New people to the , particularly those who are academics or journalists:

know that unlike Twitter, almost all people here *do not* consent to having their posts quoted without prior permission.

Do not scrap a bunch of posts, or re-embed them in articles, without getting consent.

Want to study the or write about it?

Ask to talk to people. Many will talk to you. They have voices and know how to use them

oops, scrape, not scrap. feel free to scrap posts, particularly mine I sort of scrap but the data is very heavily mangled because it is not my goal to actually store the text itself but only it's structure and this is used later to generate brand new text.
as you can see an example here...


@logan Yeah, I guess my concern is more direct quoting exact people/accounts without consent.

I do know there is leeriness about scraping -- there was a paper a few years back that raised hackles for scraping Mastodon, but I think they failed to anonymize well... i don't really have to anonymize the data thankfully because it is very scrabbled . at most i do remove the @ mentions though but as you can see...
you can really get anything useful from this.

@logan I do see some pretty specific URLs leading to accounts in there. What about those? their not specific . they just happen to come into my bots timeline .
the bot considers them words but if needed i can add this to what i also weed out.

@logan @robertwgehl Please don't scrape anyway!

I do not consent to my posts being shoveled into some Giant ML Model or whatever it is you're doing.

Scrape your /own/ posts. it's not really scraping though it's only what the bot can see on it's own timeline.

it's basically like me looking at my current timeline

@logan @robertwgehl Just because it's limited to the instances you federate with doesn't make it not scraping. indeed it is scrapping but the contents of the posts is not really the goal of the bot collecting this data.
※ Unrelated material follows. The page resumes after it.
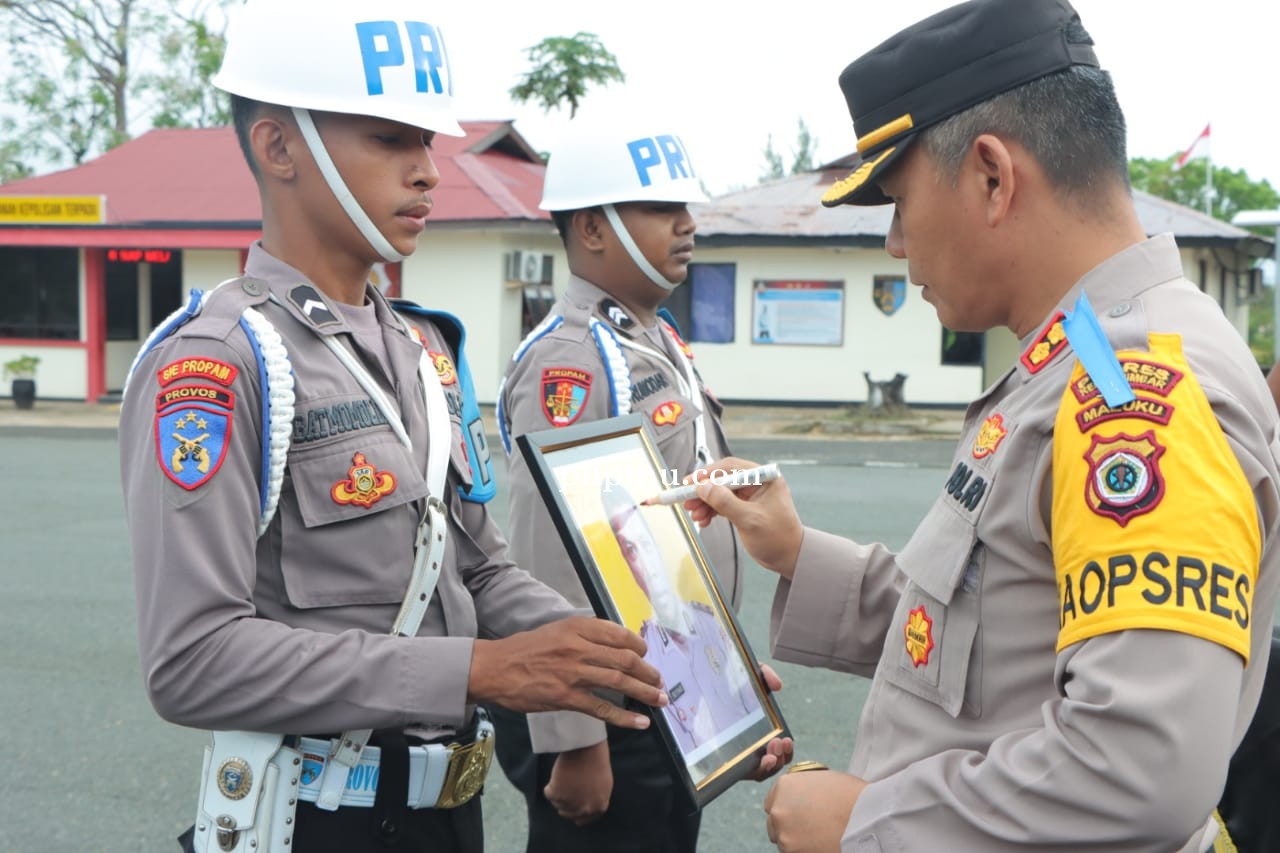 Lagi - Lagi Polres Tanimbar  PTDH 1 Anggotanya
it only needs the structure.

like how "how are you"
the important data is that "are" comes after "how".

@logan @robertwgehl Still, please don't!

I don't want to be part of your research project without being asked. it's not a research project . it's a chat bot.

but i do understand your concern.

@logan @robertwgehl Research project, chat bot, whatever, /ask first/.

A chat bot is actually significantly creepier, so uh, yeah no. well i can try to figure out how to get a list of people that my bot follows.

this is very early development. this data that i am collecting will likely just be deleted anyways as i adjust how it reads it.

so now i have 2 things to implement for the next adjustments.

scrub urls and figure out how to get a list of people the bot follows.

@logan @robertwgehl Maybe make it so a) it only scrapes from people it follows, and b) only follows people who follow it. Then you have to opt in.

@logan @robertwgehl Sure, you won't get as much data.

But the important thing is consent.

@logan @IceWolf I think the issue is that many people here know the history of data gathering and how such practices come back to harm them.

You're not going to be able to escape the heritage of the Emotional Contagion study or Cambridge Analytica et al unless you behave differently here.

Gaining informed consent is the first task.

@logan @robertwgehl "No description provided" Well that's ridiculously unhelpful.

@logan @robertwgehl Wait, do you mean home - so only who the bot is /following/ - or public TLs?

(and please don't make it a followbot, if the former)

(well, if the latter too, but whatever.) the tricky part with that is i still would have to try and figure out how to read that information.

I don't go to other peoples accounts and scan them for details i only use what happens to come across the global timeline (at least that is what the bot currently does)

once i setup the following limitation (i was probably going to anyways at some point just this post kind of speed me up on this)
i can just ask people to go follow my bot if they don't mind having their posts gathered and ripped apart for their individual words. because i would have to manually input the data which goes against the point of a self learning chat bot.

all the data it collects is smashed into 1 large array of words , not even entire sentences . and than it randomly chooses words from this list.

a word is in this case is anything separated by a space character. don't worry though i'm currently implementing limitations for it to only work with people that follow it.
this will take some time because i'm also implementing a few other things i neglected the first time i structured it.

@robertwgehl Thanks for the reminder for me to add "All public or unlisted posts on this profile may be cited, embedded or otherwise shared freely, unless the intent is for me to be harassed." to my bio.